Rest days are important. There’s this mentality that the more you do, the more gains you’ll get. I know that’s my default. But really, the harder you train, the harder you need to rest. Every time you work out, you essentially break down your muscles. They rebuild at rest. If you never rest, you never allow your muscles to rebuild and therefore, they won’t get stronger. You’ll actually make yourself more susceptible to burnout and injury. 

Rest day: What it is and what it isn’t

What it is

Exactly how it sounds: rest. You rest on rest days, physically and mentally. Sleep in. Take a nap. Kick your feet up. Get a massage. Stretch a little. Take an easy walk. Meditate. Take an Epsom salt bath, light some candles, and chill out. 

What it isn’t

Riding at an “easier” pace. Strength training in the gym. Cross-training, like running, hiking, swimming, etc. Abandoning your nutrition plan. Using the extra time to get your to-do’s to-done and adding extra mental stress to your plate. 

Rest versus Active Recovery

Active recovery is the act of moving blood through your muscles to assist in recovery and flush out metabolic waste products through increased oxygen delivery. This would be jogging, swimming, Zone 1 bike riding, rock climbing, hiking, etc. Basically, something that gets your blood moving but isn’t so taxing on your body that you don’t feel recovered the next day. 

When to rest

If you’re working with a coach, they’ll incorporate rest and active recovery days into your training plan. Depending on the length of your training plan mesocycle and the workouts within each week, you may have a recovery week every two or three weeks. Usually, after a solid number of days of hard workouts, you’ll want to give your body some rest.

As most of us are on a strict schedule, it’s hard to squeeze in rest days (or at least we think so) with limited training time, especially for endurance athletes. The best day for rest is probably going to be a Monday or a week day since weekends are open for longer training g days. 

Monday’s are good because an endurance athlete (someone training for a century ride or a marathon or a triathlete) will have spent Saturday and Sunday on long distance and time. Monday allows your body to recover and recuperate from the weekend’s training. 

In my own training plans, I work on a 3-week cycle: 2 weeks of hard workouts and 1 recovery week. I rest every Monday. This allows me a break from the hard work over the weekend and the previous week and the upcoming training. 
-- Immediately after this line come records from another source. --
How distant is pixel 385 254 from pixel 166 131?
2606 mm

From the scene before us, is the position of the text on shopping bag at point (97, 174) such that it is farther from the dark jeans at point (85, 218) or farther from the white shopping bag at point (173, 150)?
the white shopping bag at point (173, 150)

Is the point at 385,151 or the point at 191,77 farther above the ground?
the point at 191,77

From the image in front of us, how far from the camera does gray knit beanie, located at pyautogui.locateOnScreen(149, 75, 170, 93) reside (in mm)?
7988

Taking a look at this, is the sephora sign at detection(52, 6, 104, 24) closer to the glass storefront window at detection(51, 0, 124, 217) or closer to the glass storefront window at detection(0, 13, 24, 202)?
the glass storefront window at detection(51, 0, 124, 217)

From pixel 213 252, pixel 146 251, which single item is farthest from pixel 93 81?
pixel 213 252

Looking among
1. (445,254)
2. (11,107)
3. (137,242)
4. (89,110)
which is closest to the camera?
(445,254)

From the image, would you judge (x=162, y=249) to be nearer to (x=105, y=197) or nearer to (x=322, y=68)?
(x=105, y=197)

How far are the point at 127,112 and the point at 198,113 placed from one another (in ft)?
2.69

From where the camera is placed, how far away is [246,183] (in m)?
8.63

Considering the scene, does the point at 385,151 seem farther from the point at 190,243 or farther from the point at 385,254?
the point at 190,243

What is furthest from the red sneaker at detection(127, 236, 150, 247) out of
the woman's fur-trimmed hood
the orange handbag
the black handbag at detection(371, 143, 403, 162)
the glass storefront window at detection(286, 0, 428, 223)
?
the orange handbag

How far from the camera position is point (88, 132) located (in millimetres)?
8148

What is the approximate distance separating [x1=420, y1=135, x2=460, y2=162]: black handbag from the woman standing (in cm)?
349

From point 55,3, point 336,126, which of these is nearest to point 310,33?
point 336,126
Rest days are highly individual. Some people need more rest days throughout their week and others don’t. Some people choose to have a rest day on the weekend so they can spend it with their family while others may have one mid-week. 

You’ll know you need a rest day when you aren’t hitting your numbers in a workout. If your legs feel like they’re wading through mud, your heart rate is elevated upon waking in the morning, or you’re losing your motivation to work out, then it’s time for a rest day. We love our training plans but our bodies know best. 
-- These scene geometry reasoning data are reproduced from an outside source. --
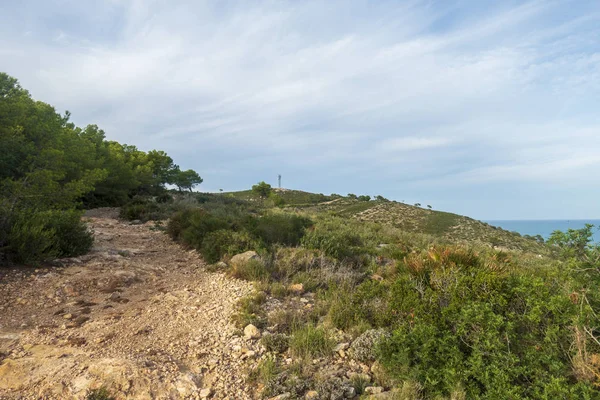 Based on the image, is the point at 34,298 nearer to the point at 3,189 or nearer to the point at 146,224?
the point at 3,189

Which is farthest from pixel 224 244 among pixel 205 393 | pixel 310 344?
pixel 205 393

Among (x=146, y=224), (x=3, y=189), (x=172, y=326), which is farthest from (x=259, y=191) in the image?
(x=172, y=326)

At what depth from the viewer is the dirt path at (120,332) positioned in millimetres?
3689

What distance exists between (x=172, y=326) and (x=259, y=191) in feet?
174

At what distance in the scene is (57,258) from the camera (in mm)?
7844

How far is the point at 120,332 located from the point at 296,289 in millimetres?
2941

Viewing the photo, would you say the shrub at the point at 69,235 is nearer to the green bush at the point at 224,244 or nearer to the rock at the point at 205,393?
the green bush at the point at 224,244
How can you tell if it’s time for rest or it’s laziness?

Start your workout and see how your legs feel. Do they feel crappy after five or ten minutes? Get off and rest. Or did they feel fine after ten minutes? Then keep going. 

When to do an active recovery workout

After a hard training block is a good time for active recovery. It’s usually called a “recovery week” where there’s a mix of rest and active recovery days. An active recovery workout looks different for cyclists depending on your current fitness level. If you have years of riding and training under your bibs, then an active recovery workout could be 1-1.5 hours of Zone 1-2 riding whereas someone who just started riding may want to stick to 30-45 minutes. 

My active recovery week looks like this:

Monday: Yoga

Tuesday – Sunday: 1.5 hours of Zone 1 riding / Deloading on weights (all weights at 50%) / Extra stretching and foam rolling

Active recovery workouts can also split two hard workouts. If you have two intense workouts on Tuesday and Thursday, a good active recovery day is Wednesday – it keeps the blood flowing, but allows your body to recover between the two sessions. 

When is which one better than the other?

Honestly, it depends on the person. Ask yourself how you’re feeling in the morning? How was your sleep? Where are your stress levels? What’s your resting heart rate (usually if it’s above 5 beats per minute than your average, it’s time to rest)? Get on the bike and see how it feels. 

How to do a rest day

Rest days are important in exercise no matter your level. Your body needs time to rebuild after the muscles are literally breaking down during your efforts. 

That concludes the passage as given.